Handmade gifts are a popular choice for many zero wasters. Certainly these are fun to make and lovely to receive. But they will only be better for the environment if the ingredients, materials and methods used have less impact than their shop-bought equivalents, which is kind of hard to know. Recently I had a go at making tomato jam, but after boiling a huge pan of tomatoes and sugar for more than an hour I started to have my doubts as to whether this was the most eco-friendly choice of gift. I really have no idea how much fossil fuels were consumed in the attempt. A better option might have been to buy relish from Rubies in the Rubble or the Wonky Food Company, as these are made from surplus veggies and are probably more efficiently produced.
If you like to give handmade gifts, see if you can make use of anything which is currently going to waste. If the process requires heat, choose methods which use the minimum amount of energy (making jam in the microwave, for example, is more efficient than the oven).

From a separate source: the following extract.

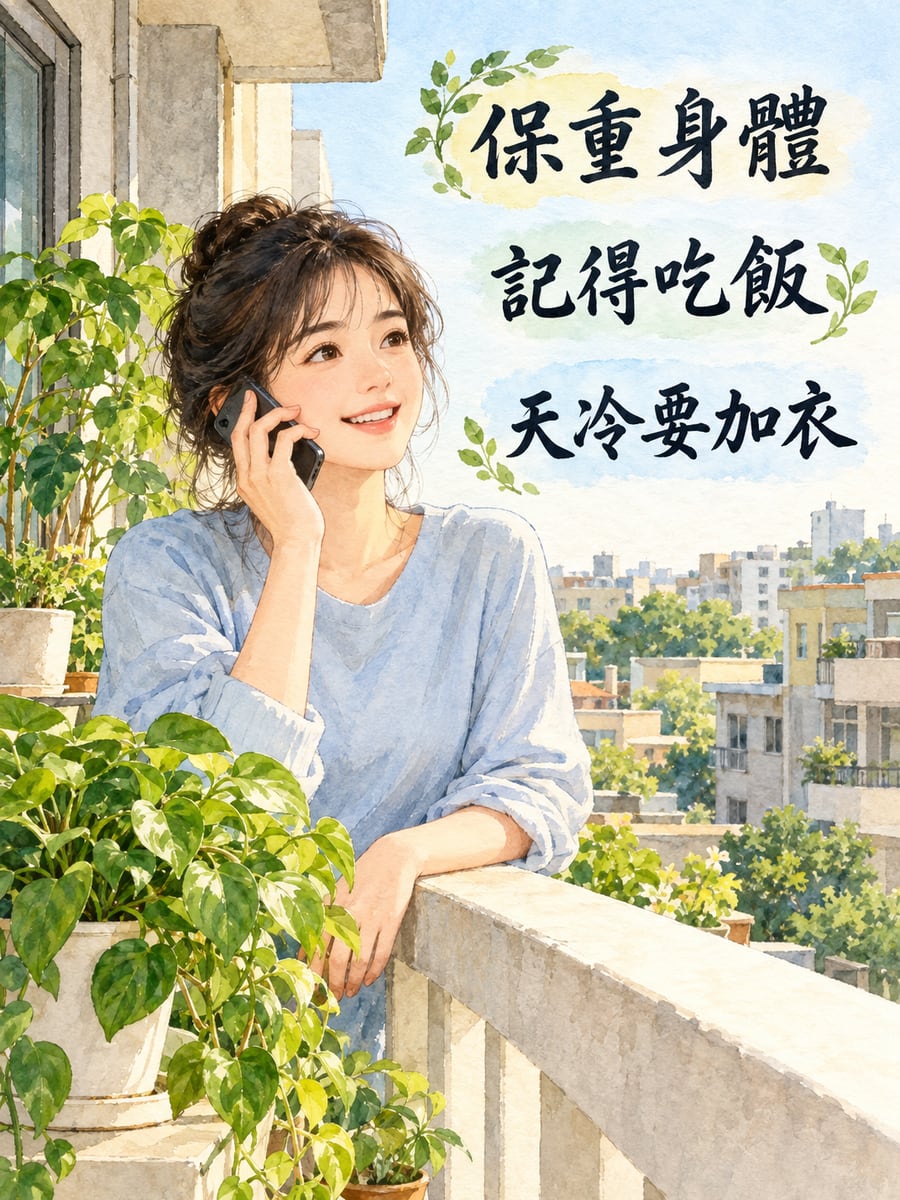 打電話給媽媽。圖中文字：保重身體，記得吃飯，天冷要加衣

Also go easy on homemade beauty products made from coconut oil, as this is as harmful for the environment as palm oil.
This is another popular choice among zero wasters, although clearly this only works if the experience has less impact on the environment than a physical gift. Perhaps don’t buy anyone a voucher for two at the local steakhouse, or any experience likely to involve travel via high-carbon transport. I usually put ‘vouchers for an eco-friendly spa’ on my Christmas wish list. But experiences don’t have to cost money – you can also offer your time/help with things.
If you’re choosing for someone who’s interested in the environment, there are some great books around. Or you could even add some of these titles to your own Christmas wish list.

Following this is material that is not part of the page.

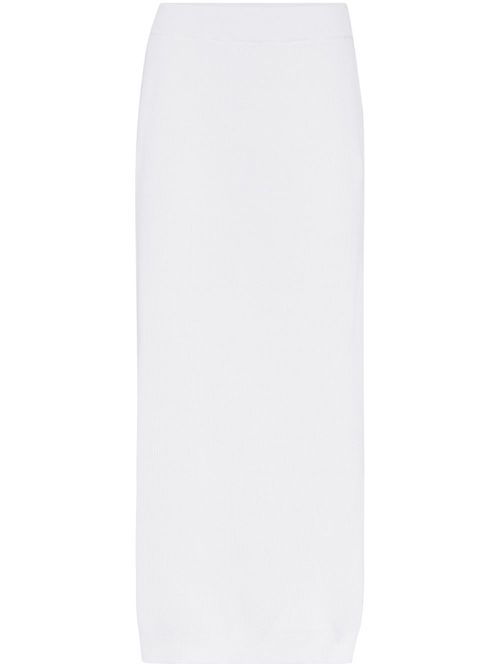High-waisted ribbed skirt - White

For the small people in your life, there’s The Perfectly Wonky Carrot, about food waste and body image, Peppa Pig Recycling Fun, or a whole series on the impact of plastic pollution on sea creatures. There’s also The Ones Who Walk Above, a story written to inspire kids to protect wildlife, the beautiful Greta and the Giants, or Greta’s Story. Or see what else you can find.

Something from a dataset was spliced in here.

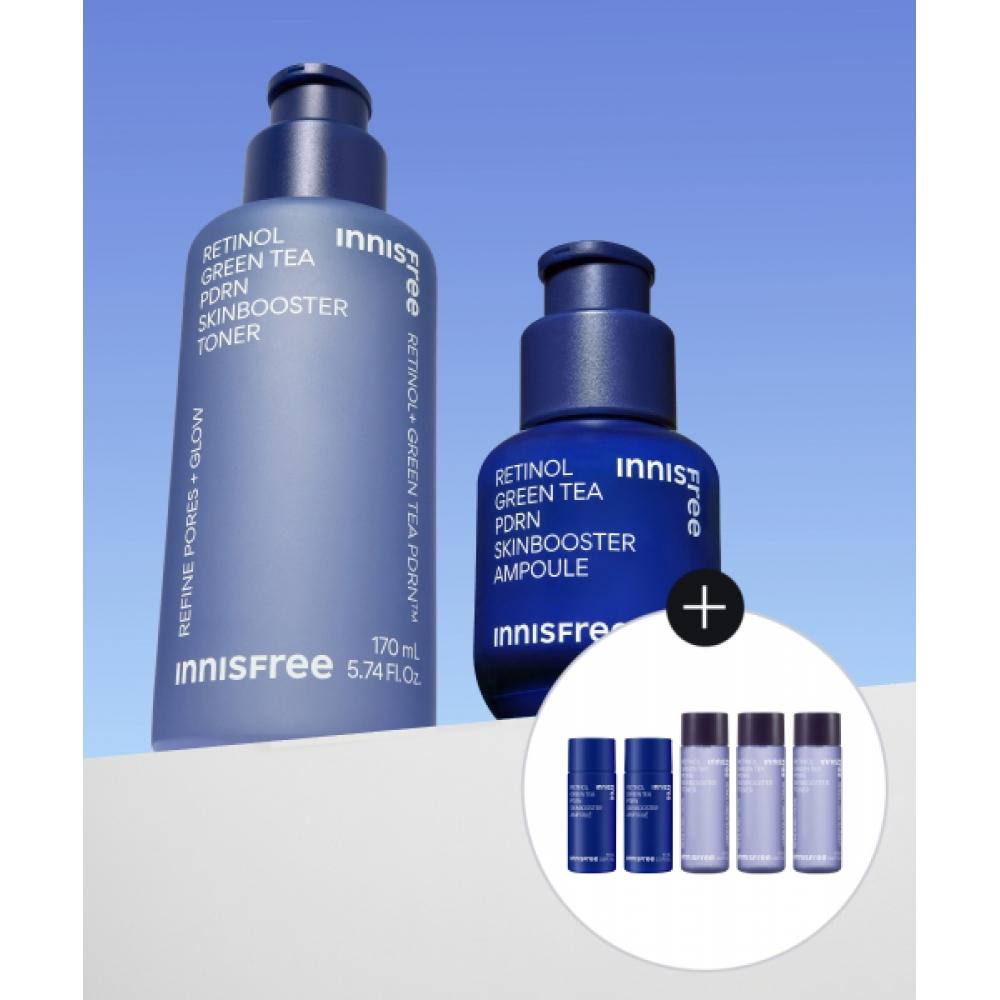 Innisfree [free Gift]  Additional Discount  Retinol Green Tea Pdrn Skin Booster Ampoule 40ml + Retinol Green Tea Pdrn Skin Booster Toner 170ml FREE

The UK (along with much of the rest of the world) is facing something of an ecological crisis. Our wildlife is in rapid decline. If you know someone who is a nature lover, perhaps they’d like something that attracts wildlife to the garden, such as butterfly and bug habitats, bird feeders and wildflower gift sets, available online from Not On the High Street, The Woodland Trust, The Eden Project, or Seedball. Perhaps the gold star eco-friendly gift would be this bird-feeder made from recycled wrappers, available from Oxfam.
Is this really such a no-no? There may be some people who would really mind receiving second-hand gifts, so if this sounds like any of your family/friends, perhaps don’t buy anything pre-loved for them. Otherwise, why not? Last year I found a bright yellow raincoat for my 3 year old nephew. He looks adorable in it and doesn’t care that it’s second hand. With some of my friends we have even been swapping the same wrapping paper back and forth for several years.
Recycled and upcycled gifts
Upcycled gifts are unique and reduce the demand for new stuff to be produced. They can be found at craft fairs or online at stores like Etsy. Gifts made from recycled materials can be found at Oxfam (who also do organic and fair trade treats), The Eden Project, Protect the Planet, and many other places. In fact you can find many things available in recycled materials, such as clothes, socks, accessories etc – google it before you buy something brand new. And don’t forget recycled food – Toast do a selection of beers brewed from bread that would otherwise go to waste.
You could opt out of Christmas shopping altogether. Shopping refuseniks say they find this liberating and enjoy Christmas more. This may not be for everyone, but it will go a long way to reducing your environmental footprint this Christmas.